In a slow week, however, that was enough to net it a fifth place open, even though cinemas had entirely pulled the title from their line-ups by early Saturday. The result is assuredly disappointing, however, considering Anderson’s previous China outing.
His last film to screen in China was 2017’s “Resident Evil: The Final Chapter,” which grossed $160 million there — six times more than it did in the U.S., making China the title’s top-selling global market by a margin of more than $123 million.
(The two other of Anderson’s films screened in the country did not receive quite the same reception: earlier franchise chapter “Resident Evil: Retribution” grossed $17.3 million in 2013, while “Pompeii” grossed $15.6 million in 2014.)

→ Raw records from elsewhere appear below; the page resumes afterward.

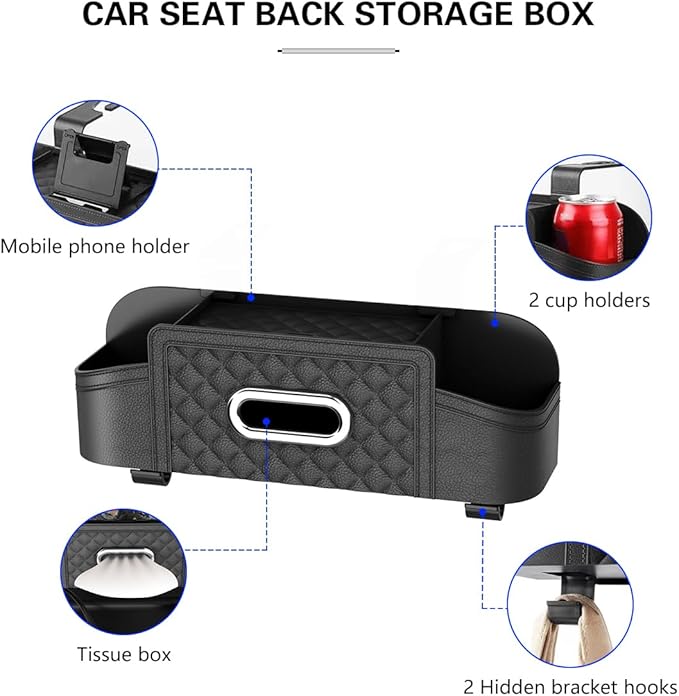 Mandark Car Headrest Backseat Organizer, Multifunctional Vehicle Seat Back Storage Box with Drink Cup Holder and Hooks, Automotive Travel Accessories, Universal for SUV, Sedan, Truck (Black)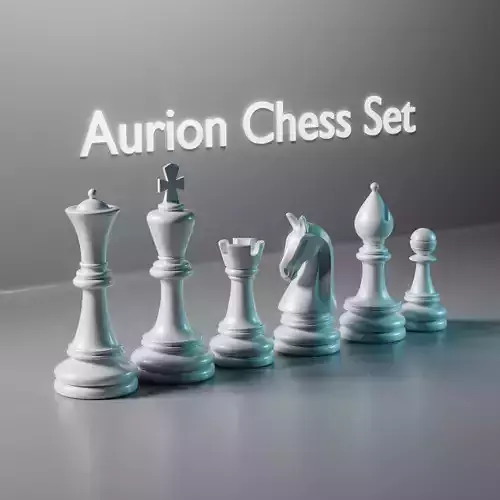 Aurion Chess Pieces Set 3D print model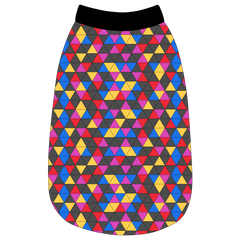 Tank in a dog friendly pattern that shows a colorful geometric design that looks like the New Years Eve ball that drops in Times Square. It's complete with black trim on the neck, waist and shoulders.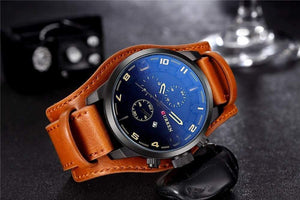 Planet Gates yellow Analog sports Men Watches Fashion Creative Quartz Leather Strap Wristwatch Date Male Clock Reloj Hombre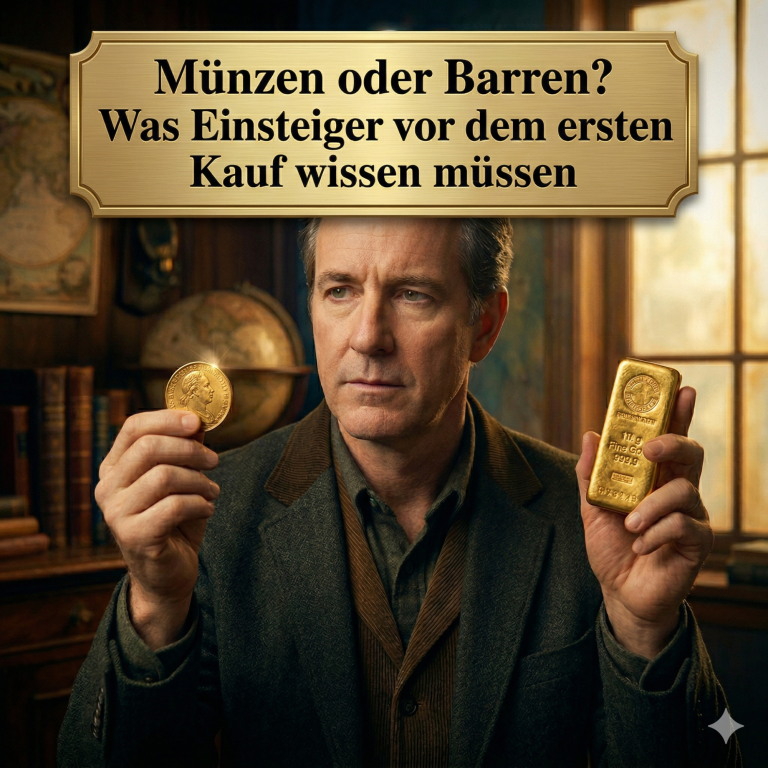 Mann hält eine Münze und einen Goldbarren, nachdenklicher Gesichtsausdruck.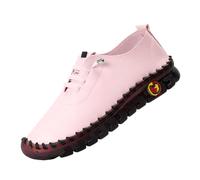 Genérico Zapatos Mujer de Piel Flexible, Corte Transpirable y Acabados Costurados, Suela de Plataforma Espesada, Grandes Tamaños, Estilo Retro Romano, para Caminar Diario Primavera-Verano, rosa, 37 EU
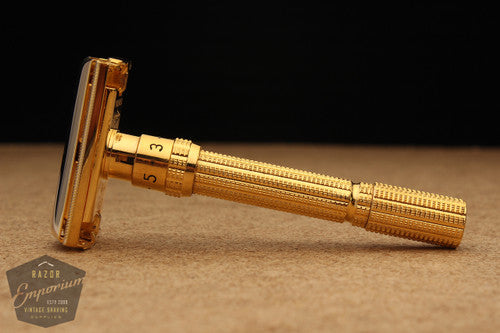 Gillette 1965 Slim Adjustable Safety Razor J4 * 24K Gold REVAMPED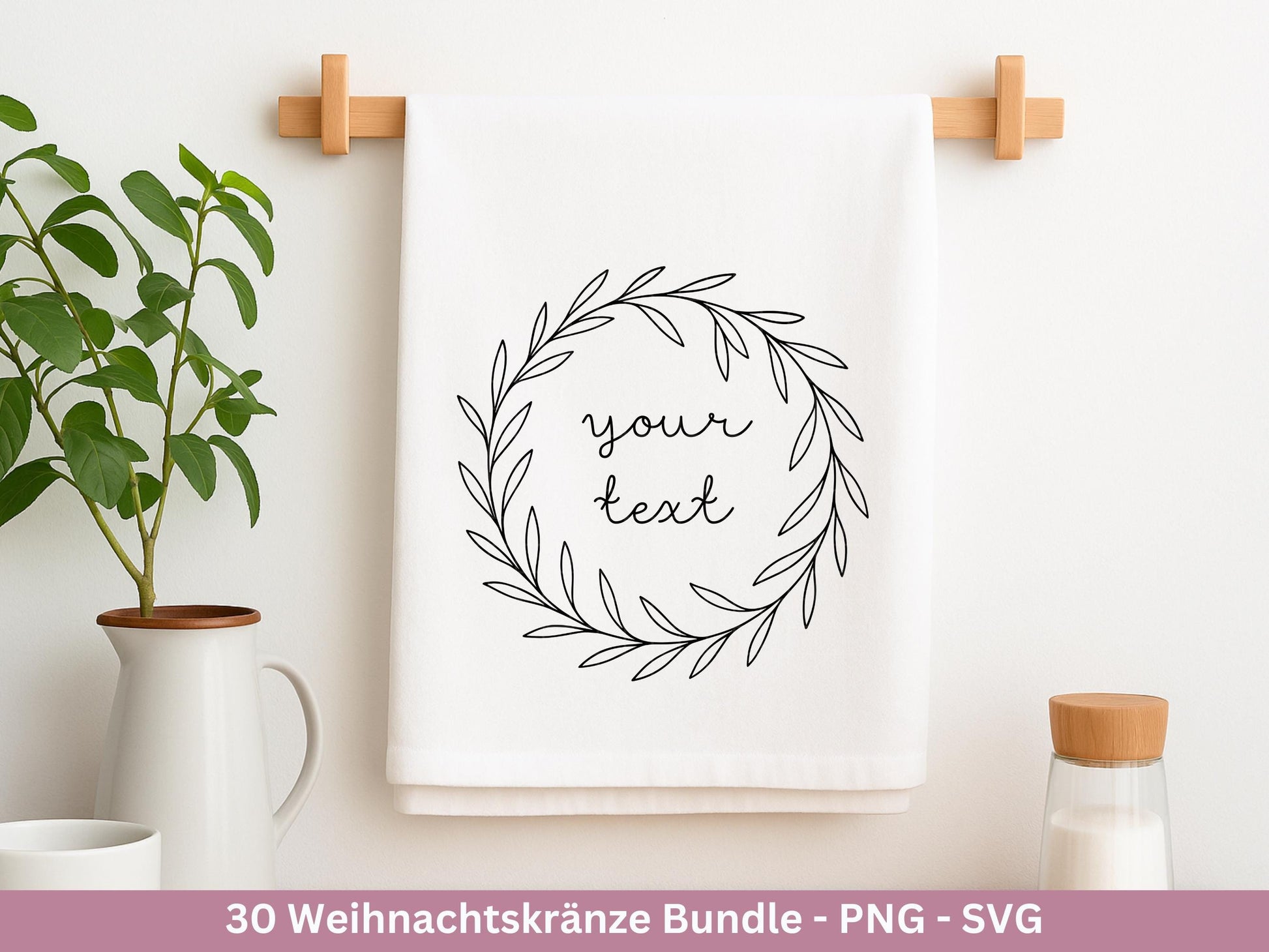 Weihnachtskränze SVG Bundle – Plotterdatei und Laserdatei | Kranz & Adventskranz Rahmen, Line Art | PNG | Cricut Silhouette | Geschenkidee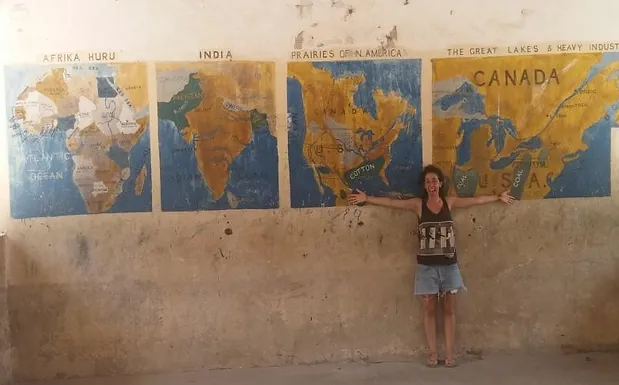 A school in Nungwi, Zanzibar. Maps painted on classroom walls for learning and student enrichment.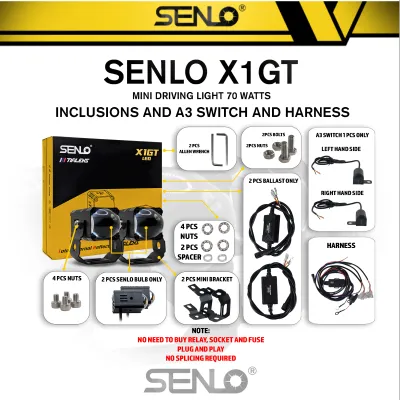 Original Senlo X1GT Premium Mini Driving Light 70W Lighting Power ( 1 year Warranty )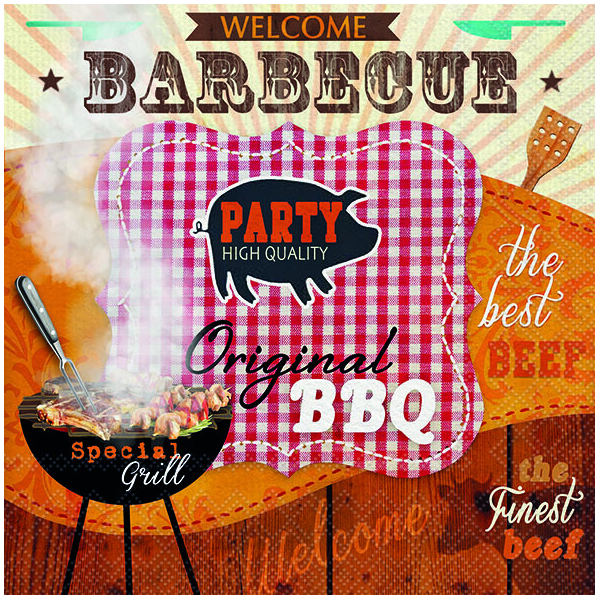 A Servietten Lunch Original BBQ Grill Party 20 Servietten 3-lagig 33x33cm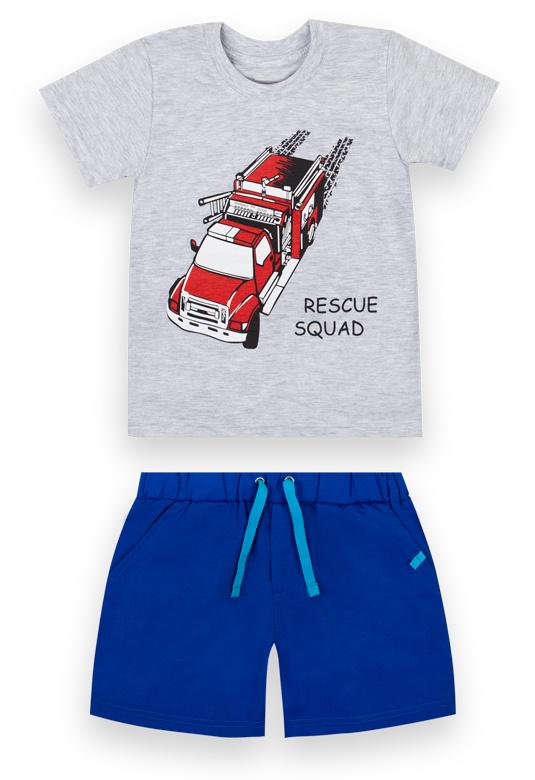 Костюм для мальчика футболка/шорты летний Gabbi KS-21-6-2i Супер кул 116 см Серый меланж (12634)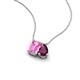 3 - Arika 1.36 ctw Emerald Shape Created Pink Sapphire with Pear Shape Rhodolite Garnet Toi Et Moi Women Pendant Necklace 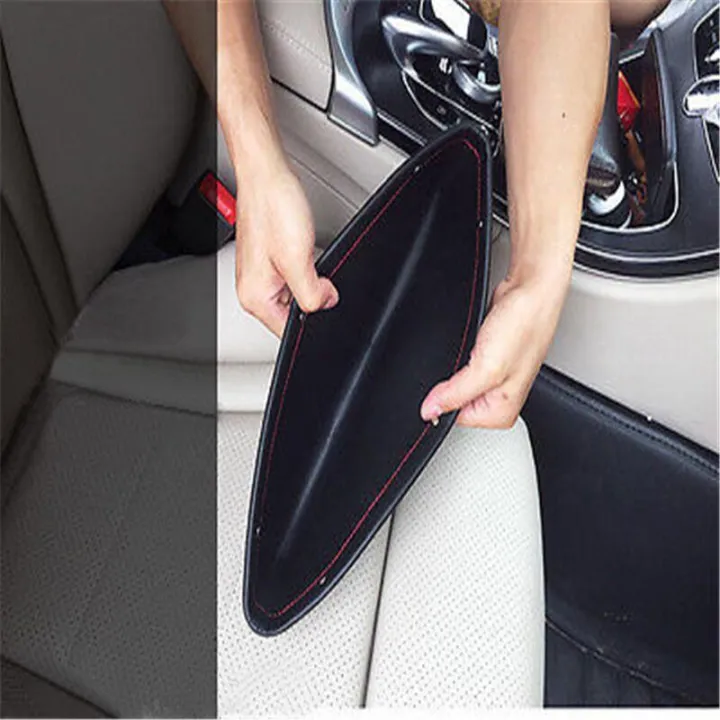 Picture of 2 x Black Leather Car Storage Box Seat Side Pocket Catcher Gap Filler Organizer
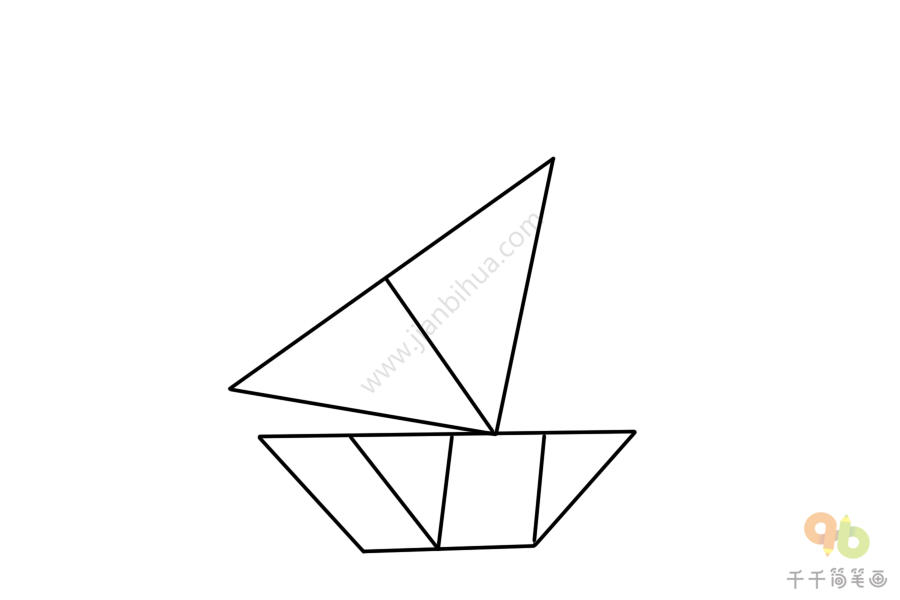几何图形画轮船图片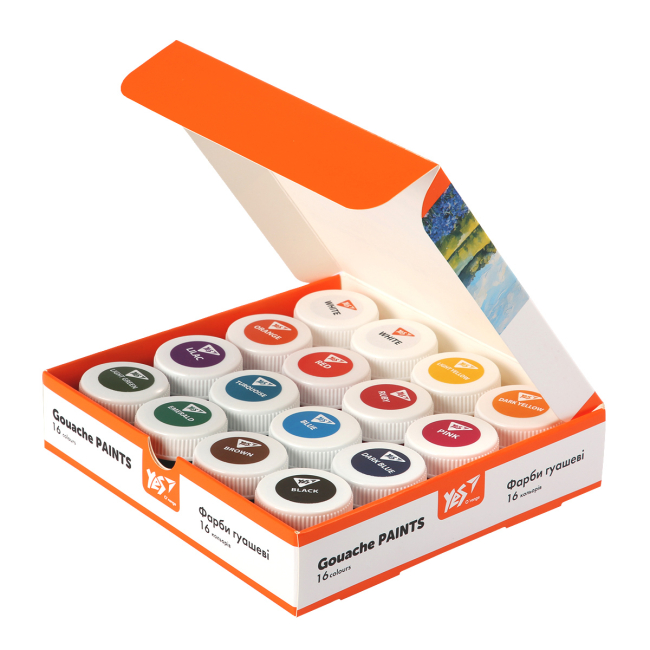 Канцтовари - Фарби гуаш Yes Orange Line 16 кольорів (230433)#3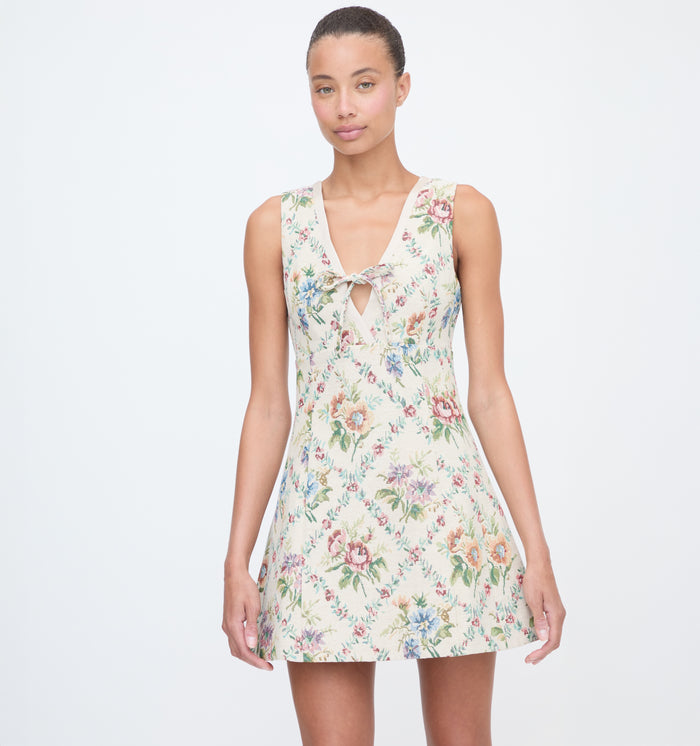 The Daria Dress in Tapestry Trellis Brocade color: Tapestry Trellis Brocade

The political firestorm sparked by the new film may have consequences for the future prospects of his work in the world’s largest film market.
This weekend, it was Enlight Pictures’ rom-com “‘The End of Endless Love” that topped the Chinese box office instead with a $22.6 million debut. Directed by female helmer Luo Luo, best known for the $54.6 million-grossing 2018 romantic drama “Cry Me A Sad River,” it stars female lead Zhang Ruonan, who also appeared in that film, opposite Sun Chenjun.
Another new local title, Edko Films’ fantasy adventure film “Soul Snatcher,” opened in second close behind with $19.5 million. Executive produced by Bill Kong and co-directed by Song Haolin and Yi Liqi, it features traditional Chinese cultural elements to tell the story of a young fox demon who must retrieve a pearl from a human target in order to pass a test and achieve immortality.
DreamWorks Animation’s “The Croods: A New Age” came in third, netting $11.7 million this weekend to boost its cumulative gross in the country since its Nov. 27 debut up to $36.1 million. It is the sequel to “The Croods,” which grossed $63 million in China in 2013.
Meanwhile, the holdover local crime thriller “Caught in Time” from Emperor Motion Pictures came in fourth with earnings of $6.1 million.